The Story

The Massachusetts Institute of Technology Brass Rat tradition was born in the spring of 1929. C. Brigham Allen, then President of the Class of 1929, called upon one member of the classes of 1930, 1931, and 1932 and entrusted them with the task of designing a ring that the Institute Committee would ultimately approve as the Standard Technology Ring. The committee agreed upon a three part construction, with a primary image on the Bezel of the ring and two other images on the two shanks.

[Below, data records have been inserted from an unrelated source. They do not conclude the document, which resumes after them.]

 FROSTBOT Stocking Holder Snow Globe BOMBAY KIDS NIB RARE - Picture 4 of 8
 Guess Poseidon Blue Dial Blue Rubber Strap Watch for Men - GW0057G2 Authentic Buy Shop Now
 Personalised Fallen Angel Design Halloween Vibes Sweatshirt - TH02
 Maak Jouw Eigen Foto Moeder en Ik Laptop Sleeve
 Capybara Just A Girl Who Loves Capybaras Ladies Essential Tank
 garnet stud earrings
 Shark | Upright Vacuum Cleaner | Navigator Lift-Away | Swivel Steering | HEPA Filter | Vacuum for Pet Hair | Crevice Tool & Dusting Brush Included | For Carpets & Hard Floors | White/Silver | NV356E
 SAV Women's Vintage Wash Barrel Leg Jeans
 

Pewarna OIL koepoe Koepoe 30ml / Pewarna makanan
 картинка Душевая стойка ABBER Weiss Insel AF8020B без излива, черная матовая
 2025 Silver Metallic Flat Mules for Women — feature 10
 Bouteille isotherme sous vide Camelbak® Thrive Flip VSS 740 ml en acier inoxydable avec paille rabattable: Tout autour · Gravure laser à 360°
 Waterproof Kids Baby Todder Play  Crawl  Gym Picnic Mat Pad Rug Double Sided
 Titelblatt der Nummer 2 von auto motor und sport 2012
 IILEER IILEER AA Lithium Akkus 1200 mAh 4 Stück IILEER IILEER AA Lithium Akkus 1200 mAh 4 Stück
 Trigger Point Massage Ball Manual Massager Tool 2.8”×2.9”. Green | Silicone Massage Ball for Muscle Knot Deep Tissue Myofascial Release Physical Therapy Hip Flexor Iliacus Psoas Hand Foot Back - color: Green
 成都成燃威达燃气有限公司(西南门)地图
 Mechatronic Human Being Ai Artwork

Controversy quickly arose over whether to honor the Beaver or the Great Dome on the Bezel; some members of the committee even questioned MIT’s choice of the beaver as its mascot. The committee looked to the original discussion over the mascot (formally decided upon by President MacLaurin in 1914), calling upon the now famous defense of the beaver by Lester Gardner, Class of 1897:

"We first thought of the kangaroo which, like Tech, goes forward in leaps and bounds. Then we considered the elephant. He is wise, patient, strong, hard working, and, like all who graduate from Tech, has a good hide. But neither of these were American animals. We turned to Mr. Hornady’s book on the animals of North America and instantly chose the beaver. The beaver not only typifies the Tech (student), but his habits are peculiarly our own. The beaver is noted for his engineering, mechanical skills, and industry. His habits are nocturnal. He does his best work in the dark."

Citing the fact that many other schools had buildings similar to our Great Dome, the committee ultimately decided to honor our hard-working and industrious mascot on the ring—and thus the Brass Rat was born. With the debate settled and the ring finally designed, the Class of 1930 was the first to proudly wear a brass rat.

So started the Institute tradition of the Brass Rat, the affectionate nickname for the ring that became the symbol of MIT as well as one of the most recognizable rings worldwide. Ever since, each class has appointed its own Ring Committee, which endeavors to craft a ring that will inspire us while we are here, unite us once we leave, and, above all else, unmistakably symbolize the Massachusetts Institute of Technology.